Misoprostol (Cytotec; G.D. Searle LLC, Chicago, IL) is a synthetic prostaglandin E1 that currently is available as a 100-μg tablet for prevention of gastric ulcers. It is also used off-label for preinduction cervical ripening as well as induction of labor. Misoprostol is inexpensive, with a cost of less than $1 per 100-μg tablet; is stable at room temperature; and is easily administered orally. In October 2000, Searle notified physicians that misoprostol was not Food and Drug Administration approved for labor induction. This position was challenged by The American College of Obstetricians and Gynecologists Committee on Obstetrics Practice on the grounds that misoprostol was a safe and effective drug for cervical ripening and labor induction. 1 Indeed, Goldenberg and coauthors reviewed the literature on obstetric use of misoprostol and concluded that “over 200 studies involving a total of more than 16,000 women have evaluated its effectiveness in pregnant women, and the results support its continued use.” 2 The Food and Drug Administration has since modified the misoprostol package insert to no longer prohibit its off-label use in pregnancy.
We sought to assess the effectiveness of oral misoprostol as a means of preempting the requirement for oxytocin infusion in women with spontaneously ruptured membranes but judged to have inadequate uterine activity. The prevailing practice at our institution has been to commence oxytocin stimulation of labor in such women as soon as possible after admission. We were of the view that oral administration of misoprostol, if effective, would significantly simplify stimulation of labor compared with continuous oxytocin, which requires uninterrupted bedside nursing to achieve and maintain an effective and safe infusion.
MATERIALS AND METHODS
Between August 1, 2000 and July 12, 2001, healthy nulliparous parturients with singleton, cephalic-presenting fetuses (at least 36 0/7 to 41 6/7 weeks' gestation) with ruptured membranes and without evidence of labor were evaluated for participation in this study at Parkland Hospital. The study protocol was developed by investigators in the Department of Obstetrics and Gynecology and approved by the Institutional Review Board of the University of Texas Southwestern Medical Center at Dallas.
Ruptured membranes were diagnosed when amnionic fluid was visualized coming through the cervical os on sterile speculum examination. Cervical dilatation was to be 2 cm or less. In addition, these women experienced less than four contractions in a 10-minute period. Before randomization, pregnancies complicated by hypertension, diabetes, fever (at least 38.0C), meconium-stained amnionic fluid, or nonreassuring fetal heart rate tracing were excluded from participation in this study.
After written consent was obtained, each woman randomly received either misoprostol (100 μg) or an identical placebo given orally. Randomization was executed by the Investigational Drug Pharmacy of Parkland Hospital using a computerized randomization sequence, and the caregivers were blinded to the study drug given to each patient.

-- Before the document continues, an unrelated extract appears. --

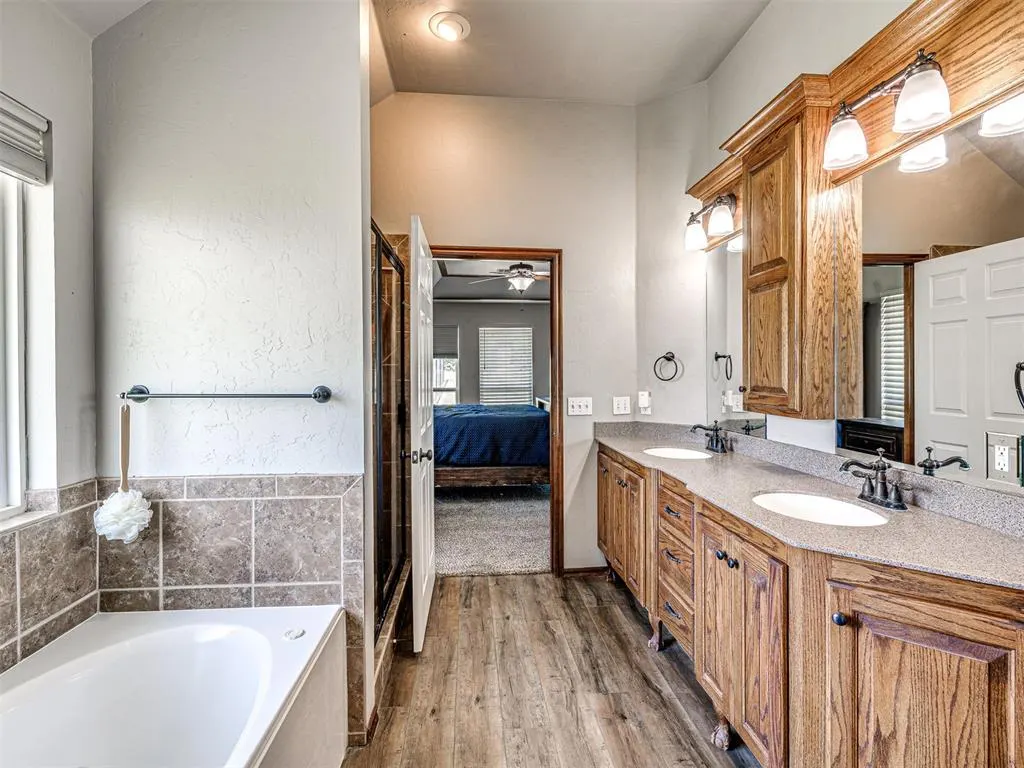 Photo 30 — 1113 Cedar Crossing, Choctaw, OK 73020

Continuous electronic fetal monitoring was used, with reassessment every 20 minutes by the labor and delivery unit nursing staff. If there was no cervical change and the patient did not perceive painful uterine contractions, a second study drug dose was administered 4 hours after the initial dose. After an additional 4 hours (for a total of 8 hours from administration of the initial dose), an oxytocin infusion was initiated if there was no cervical change and an absence of painful uterine contractions. Oxytocin was infused at a starting dose of 6 mU per minute with 6 mU per minute increases at 40-minute intervals to a maximum dose of 42 mU per minute. 3 Dystocia necessitating cesarean delivery was diagnosed when labor did not progress in the presence of adequate uterine activity, defined as more than 200 Montevideo units for 2–4 hours. Forceps-assisted delivery was performed for nonreassuring fetal heart rate patterns in the second stage of labor or for prolonged second stage of labor.
Labor epidural analgesia was provided upon the patient's request. The diagnosis of chorioamnionitis was made when the patient developed a fever (at least 38.0C) during her labor course.

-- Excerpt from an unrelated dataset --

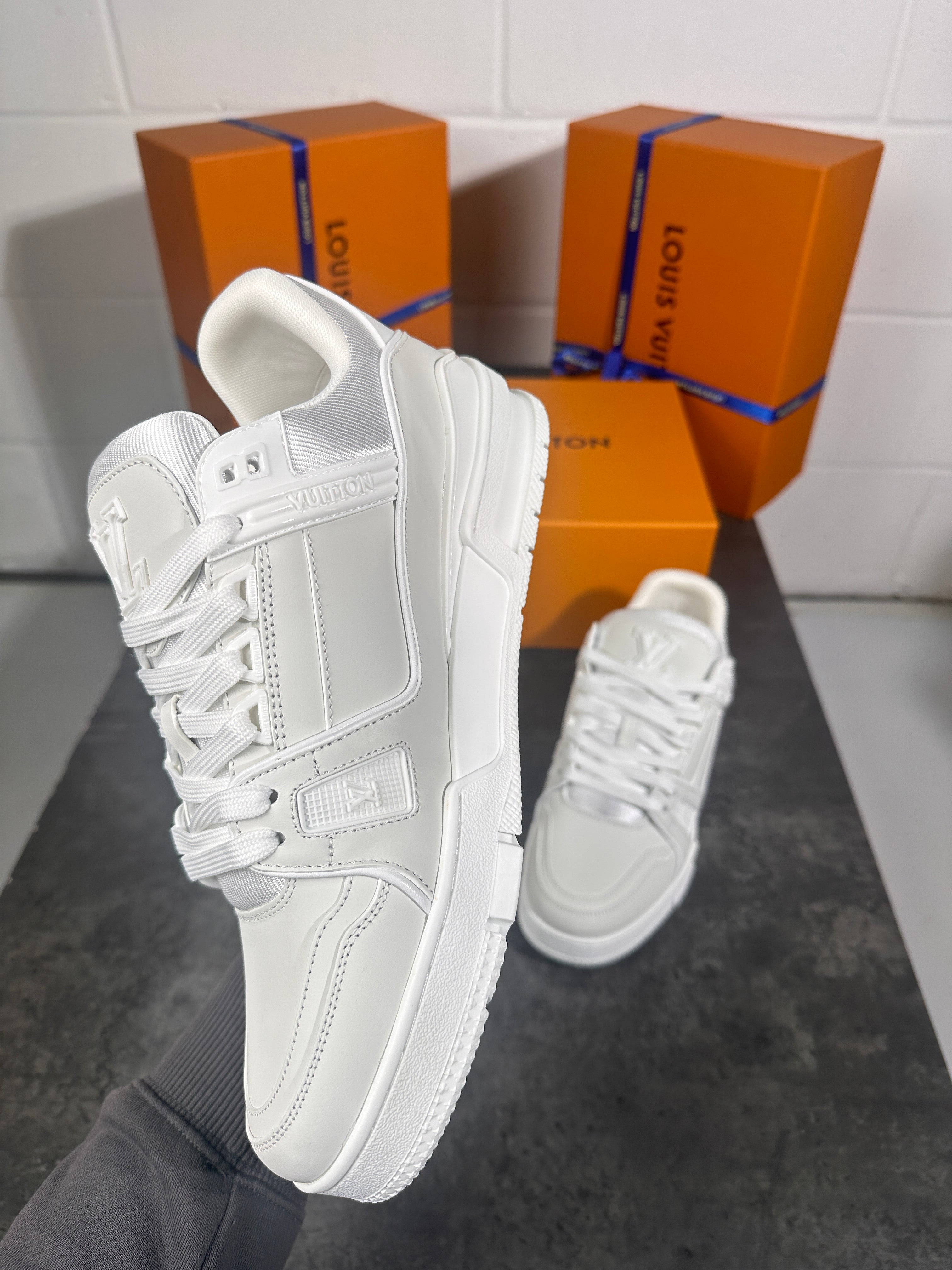 Lv full white trainers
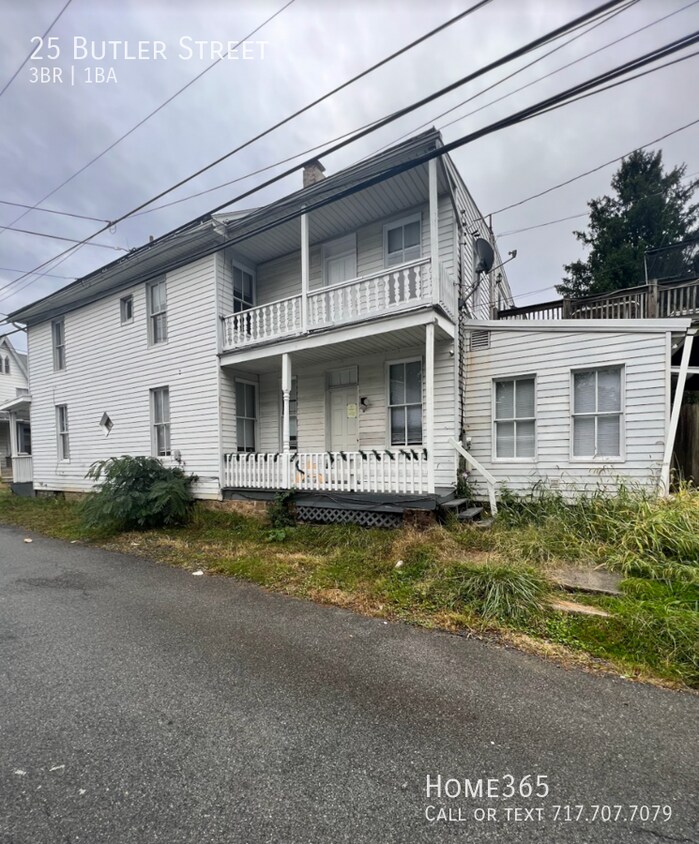 3 Bedroom, 1 Bathroom Townhouse Available House Rental in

Uterine tachysystole was defined when six or more uterine contractions occurred per 10 minutes for a span of 20 minutes in the absence of a nonreassuring fetal heart rate. Uterine hypertonus was defined as a single contraction lasting for longer than 2 minutes without fetal heart rate decelerations. Uterine hyperstimulation syndrome was diagnosed when there was tachysystole or hypertonus with associated fetal heart rate decelerations. 4 When hyperstimulation syndrome was identified, the patient was placed in a lateral position and oxygen (10 L per minute) was applied by face mask.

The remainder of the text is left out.